Kholid Rosyidi penulis novel ini menceritakan kisah percintaan, persahabatan, dan kebahagiaannya dengan sangat menarik.

Saya sampai excited banget mendiskusikan novelnya di hadapan sahabat-sahabat saya. Dan bahkan, salah satu sahabat saya mengatakan begini, “Tiap orang pasti memiliki pengalaman hidup yang menarik. Dan penulis novel ini beruntung telah memiliki pengalaman itu”.

Saya sengaja membicarakan novel ini di depan sahabat-sahabat saya. Sebab, kisah persahabatan Kholid hampir sama dengan persahabatan kami.

Bedanya, Kholid memiliki sembilan sahabat yang solid, sedangkan sahabat saya hanya berjumlah lima orang saja.

Dan istimewanya, sembilan sahabat yang Kholid ceritakan dalam novelnya ini, karakternya hidup semua. Ini yang membuat saya menggeleng-gelengkan kepala, lantas memujinya.

Baik lah, mari saya review novel karya Kholid ini. Dan silakan bagi pembaca yang mampir ke blog ini, persiapkan dulu secangkir kopi panas. Sebab, ulasan ini cukup panjang dan detail sekali.

Review Novel Lebah Pencari Madu

Judul buku: Lebah Pencari Madu
Penulis: Kholid Rosyidi Muhammad Nur
Penerbit: KHD Production
ISBN: 978-623-90636-7-2
Halaman: 263
Tahun terbit: 2019 (Oktober, cetakan pertama)

Novel ini diawali saat Kholid sedang MOS di SMAN 1 Kalisat. Ia bilang bahwa sekolahnya dikenal dengan sebutan “SMANKAL”.

Membayangkan SMANKAL dari ilustrasi yang disampaikan oleh Kholid, saya pikir, sekolah ini indah. Sebab, ia berada di ketinggian 275 M tepat di atas permukaan air laut lalu diapit oleh Gunung Argopuro dan Gunung Raung.

Saya yakin bahwa alumni SMANKAL pasti akan merindukan suasana sekolahnya yang kadang-kadang dingin, dan kadang-kadang juga sejuk.

Dan benar apa yang disampaikan oleh Pak Suroto dalam sambutannya di acara Masa Orientasi Sekolah tersebut, “Masa SMA adalah masa-masa yang paling indah”.

Dan di masa inilah penulis novel ini menghabiskan waktu selama tiga tahun untuk belajar, dan juga mencari kebahagiaan hidup.
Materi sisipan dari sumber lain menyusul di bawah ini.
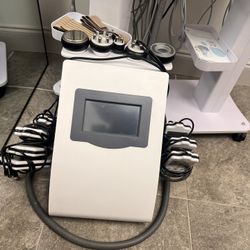 Multifunctional Facial And Body Machine 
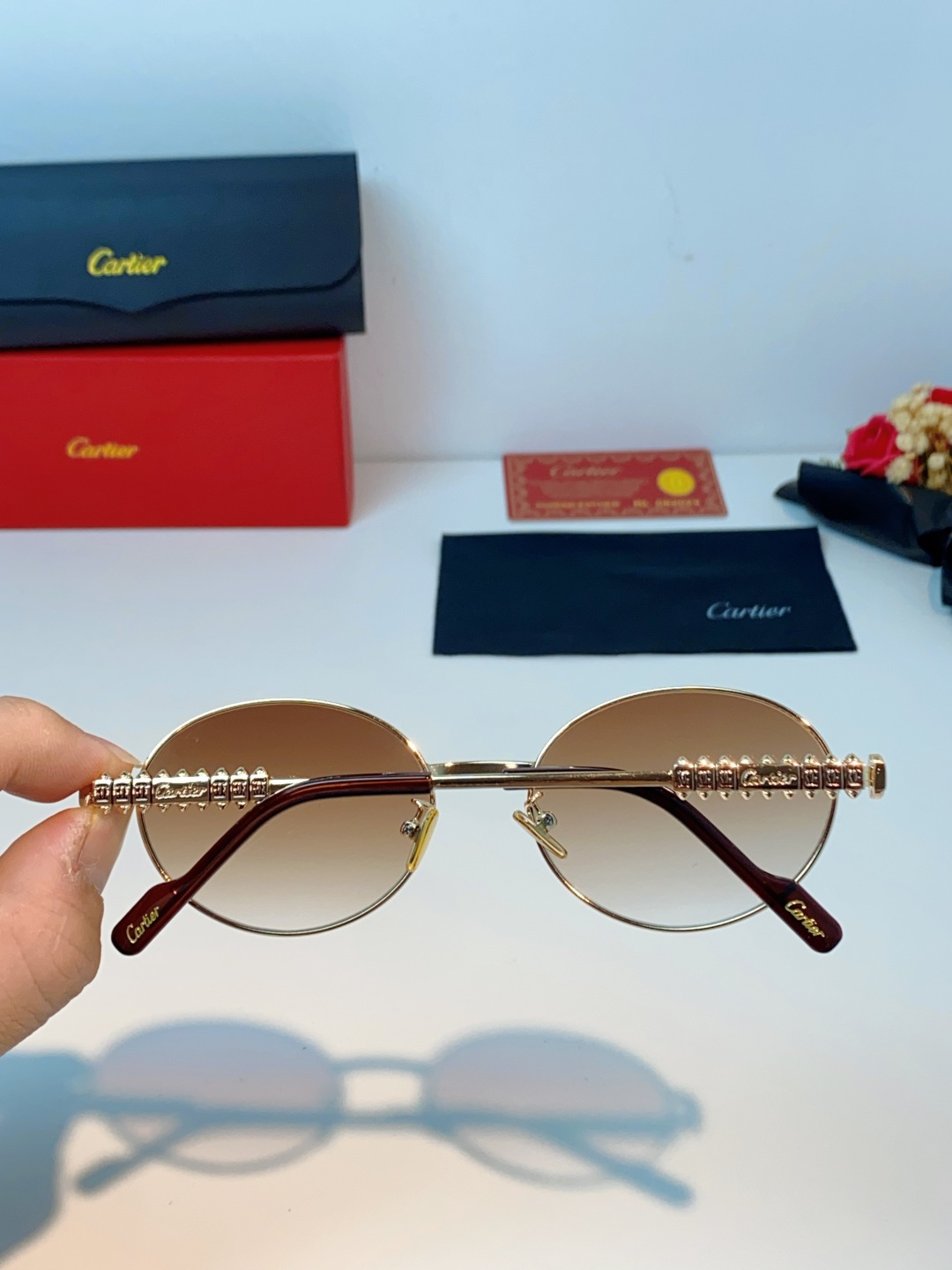 Cartier sunglasses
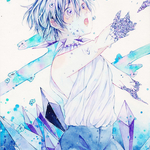 原画【期待】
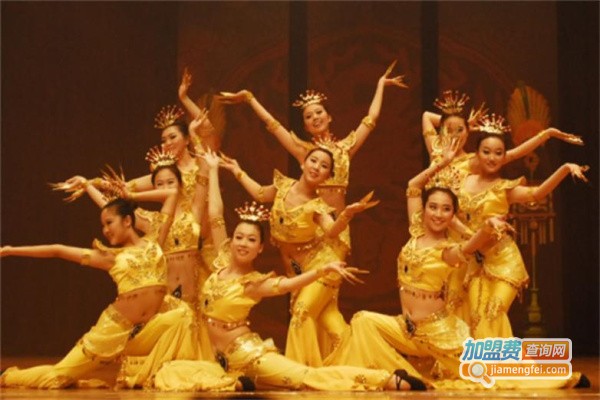 舞乐坊舞蹈加盟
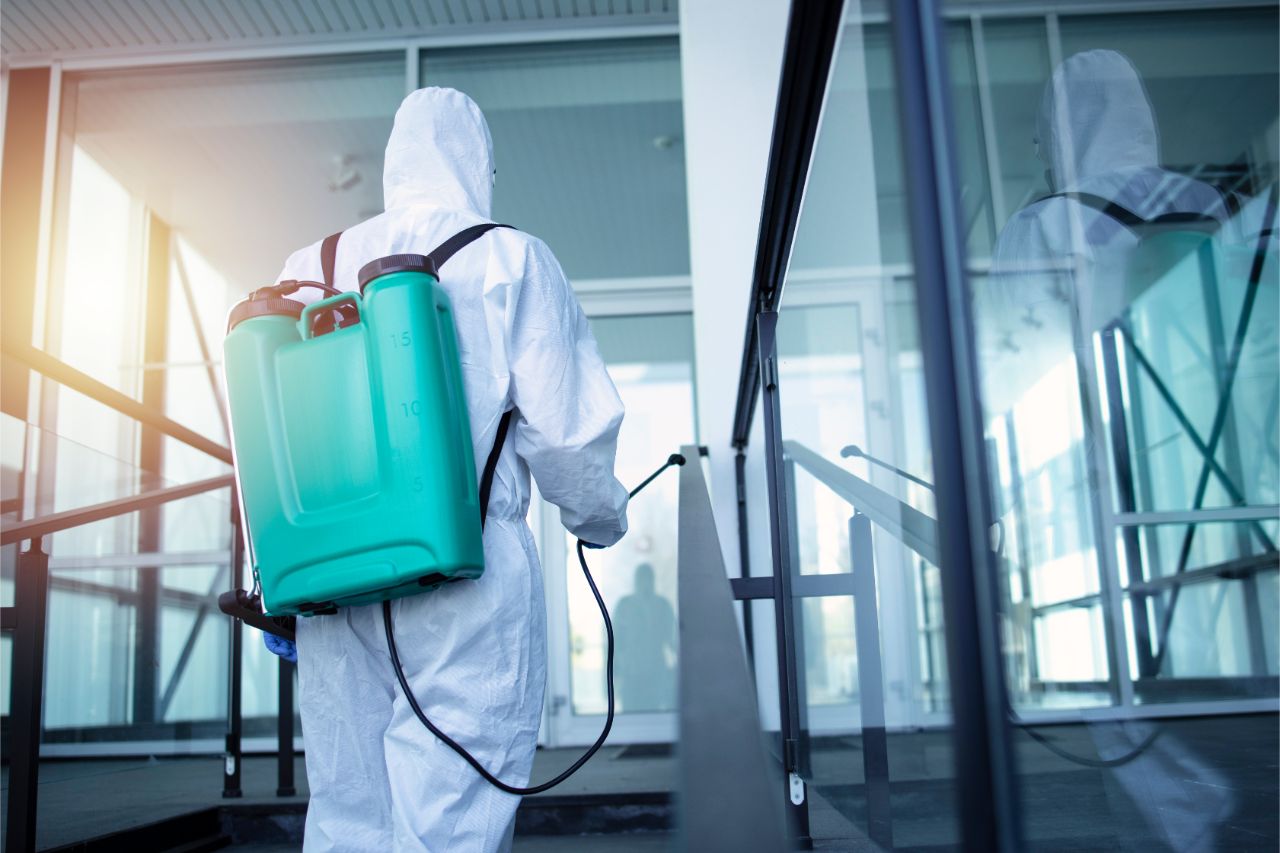 Blocks Contaminants&nbsp;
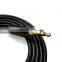 communication male to male 3.5mm AUX audio digital optical cable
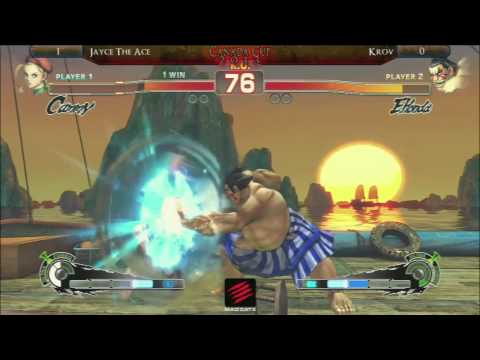 CC2013 AE2012 - Jayce The Ace (VIP/CAM) vs Carlos (HON)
SMANKAL adalah saksi perjalanan hidup Kholid. Dan di sekolah ini, Kholid bukan hanya menceritakan sahabat-sahabatnya saja, tapi ia mengisahkan tentang “cinta”.
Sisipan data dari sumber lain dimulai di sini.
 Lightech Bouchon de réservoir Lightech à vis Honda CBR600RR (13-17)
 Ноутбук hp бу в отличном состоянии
Kisah cinta yang bagi saya, sebagai pembaca, ini sangat unik dan juga njlimet.

Mengenal sosok Slavi di Novel Lebah Pencari Madu, wanita yang diidam-idamkan Kholid

Kisah yang saya tunggu-tunggu dalam novel ini adalah kisah percintaan Kholid. Karena, tertulis dengan jelas bahwa di cover novel ini memang ada kata “cinta”.

Tapi, sialnya, saya dipaksa dulu untuk mengenali satu per satu sahabat Kholid yang pada absurd itu.

Saya tertarik banget membaca novel ini setelah Kholid mengenalkan sosok Slavi. Slavi ialah wanita yang diidam-idamkannya sejak awal ia masuk sekolah.

Iya, sejak di acara MOS itu Kholid sudah mengagumi Slavi. Bahkan, ia membatin bahwa, wanita ini cantik banget; kulitnya putih, hidungnya mancung, dan warna matanya hitam kecoklatan.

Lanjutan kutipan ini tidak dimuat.